Wine Walking in Granbury and Mind Tripping in the Brazos Hardscrabble Country

Wine Walking in Granbury and Mind Tripping in the Brazos Hardscrabble Country

I sailed out of Houston and out from under a low gray blanket of clouds threatening rain. After just a few miles, however, the slanted yellow rays of summer sun peered over my shoulder from the east casting long morning shadows. I was in the country now, heading north to Granbury, Texas with mixed anticipation.

The “official” purpose of my travel was to participate in the first ever Granbury Wine Walk ( My unofficial expectation was to again travel the Upper Brazos hardscrabble country of Texas author-laureate, John Graves.

The Gulf Coast green met the road’s edge and melded with oceans of tall green corn topped with golden silk. Long leggy tendrils of wild grapes already reaching high overhead mantled the tops of tall post oaks as I reached the inland savanna.

The first vineyard cultivation that I spotted was to the left just shy of reaching Waco.

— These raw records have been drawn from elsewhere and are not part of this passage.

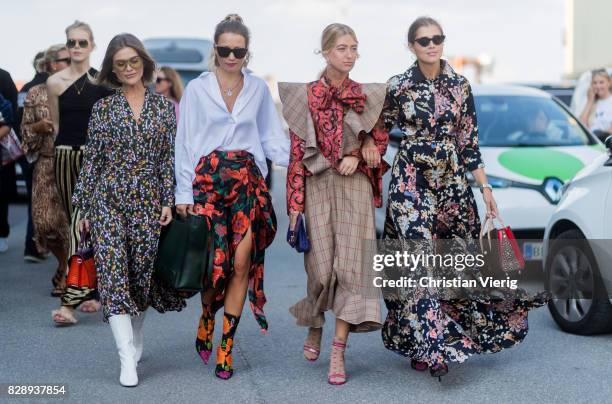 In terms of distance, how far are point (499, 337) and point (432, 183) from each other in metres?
0.92

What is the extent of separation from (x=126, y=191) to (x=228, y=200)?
0.55m

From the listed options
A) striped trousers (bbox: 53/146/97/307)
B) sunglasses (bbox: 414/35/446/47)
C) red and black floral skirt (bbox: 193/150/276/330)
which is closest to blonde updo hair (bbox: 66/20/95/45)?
striped trousers (bbox: 53/146/97/307)

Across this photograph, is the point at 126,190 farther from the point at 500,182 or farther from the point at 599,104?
the point at 599,104

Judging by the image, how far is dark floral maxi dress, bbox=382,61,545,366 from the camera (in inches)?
218

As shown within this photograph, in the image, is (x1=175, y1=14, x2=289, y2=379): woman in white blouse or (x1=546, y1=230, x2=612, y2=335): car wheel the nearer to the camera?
(x1=175, y1=14, x2=289, y2=379): woman in white blouse

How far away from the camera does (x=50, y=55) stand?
9.23 m

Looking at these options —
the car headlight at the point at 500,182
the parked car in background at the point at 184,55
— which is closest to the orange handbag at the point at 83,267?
the car headlight at the point at 500,182

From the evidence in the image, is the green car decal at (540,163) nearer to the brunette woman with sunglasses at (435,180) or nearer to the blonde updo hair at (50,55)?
the brunette woman with sunglasses at (435,180)

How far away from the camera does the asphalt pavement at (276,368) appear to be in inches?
210

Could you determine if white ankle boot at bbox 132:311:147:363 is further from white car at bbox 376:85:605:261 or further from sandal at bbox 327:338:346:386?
white car at bbox 376:85:605:261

I don’t know whose it was, but time was too short for investigation, and I pressed on into the cedar country of red bottomland and limey alabaster hills. This is the land of John Graves’ prose that for many years was over worked and under loved. While traveling through this part of Texas, it was easy to replay his comments in my mind, with the passing of familiar towns, Meridian, Walnut Springs, Glen Rose, and on up to my destination – Granbury on the Lake. An historical and serene venue, made such by the damming of the Brazos River of yore that Graves dearly loved for its rugged, uncontrolled manner and hearty and quite personal past.

View from the Inn on Lake Granbury (

By afternoon, the sun was high and the ambient heat permeating the Granbury town square. I questioned for a moment if people would turn out for this first time wine-walking event that featured the growing number of local and north Texas wineries, many of which are part of the Way Out Winery Trail (

I walked the square and found a momentary sanctuary from the heat in the D’Vine Wine winemaking and tasting room, known for encouraging inner winemaker passions that most of us hold latent and are ready to be exposed.  Out front was a lone grape vine growing; potted and ready to give up its fruit [if it had any] for your personalized bottle of wine.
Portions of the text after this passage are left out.